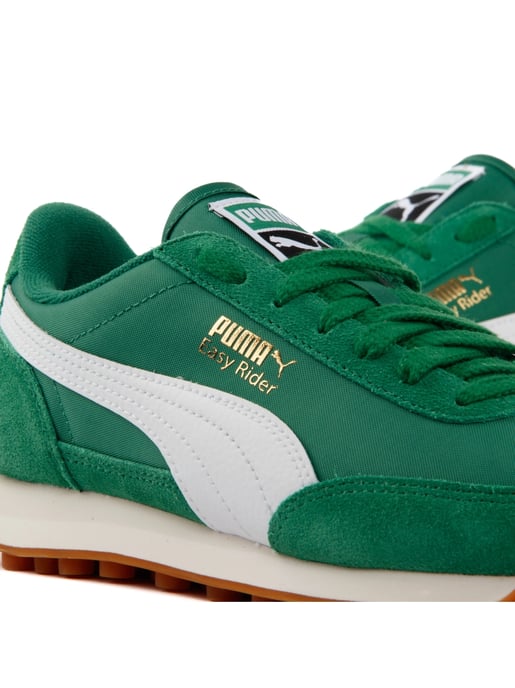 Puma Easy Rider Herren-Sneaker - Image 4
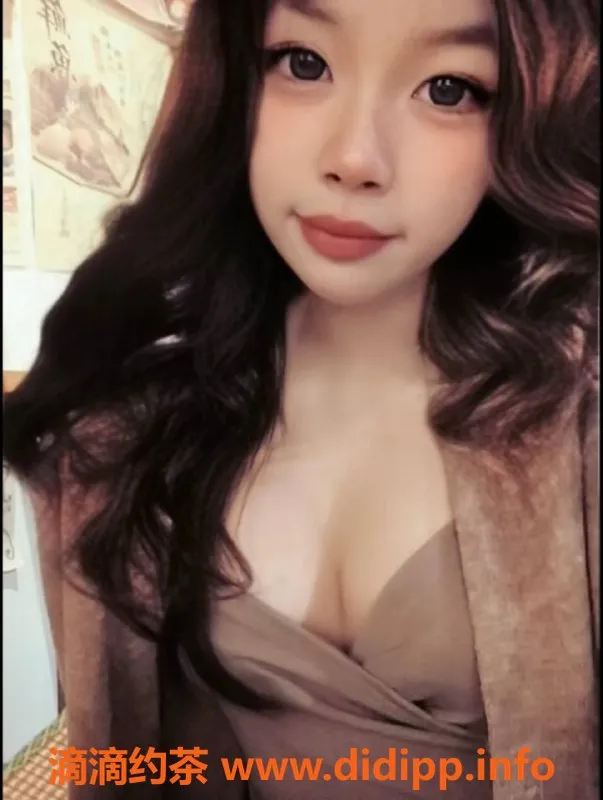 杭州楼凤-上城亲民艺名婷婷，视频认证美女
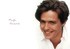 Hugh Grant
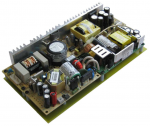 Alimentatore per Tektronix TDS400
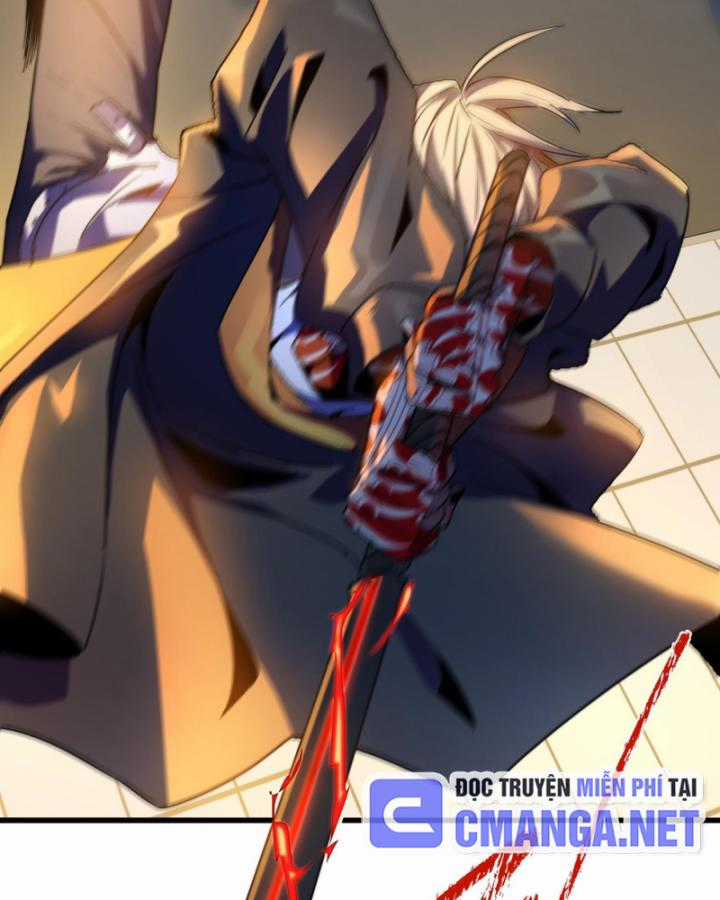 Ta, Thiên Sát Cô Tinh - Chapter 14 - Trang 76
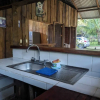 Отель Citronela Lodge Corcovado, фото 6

********

WORK ITEM:
Transcribe the whole listing, character for character, but not its images.

EXERCISE ANSWER:
 Puma Easy Rider Herren-Sneaker - Image 4
 杭州楼凤-上城亲民艺名婷婷，视频认证美女
 Hugh Grant
 Alimentatore per Tektronix TDS400
 Ta, Thiên Sát Cô Tinh - Chapter 14 - Trang 76
 Отель Citronela Lodge Corcovado, фото 6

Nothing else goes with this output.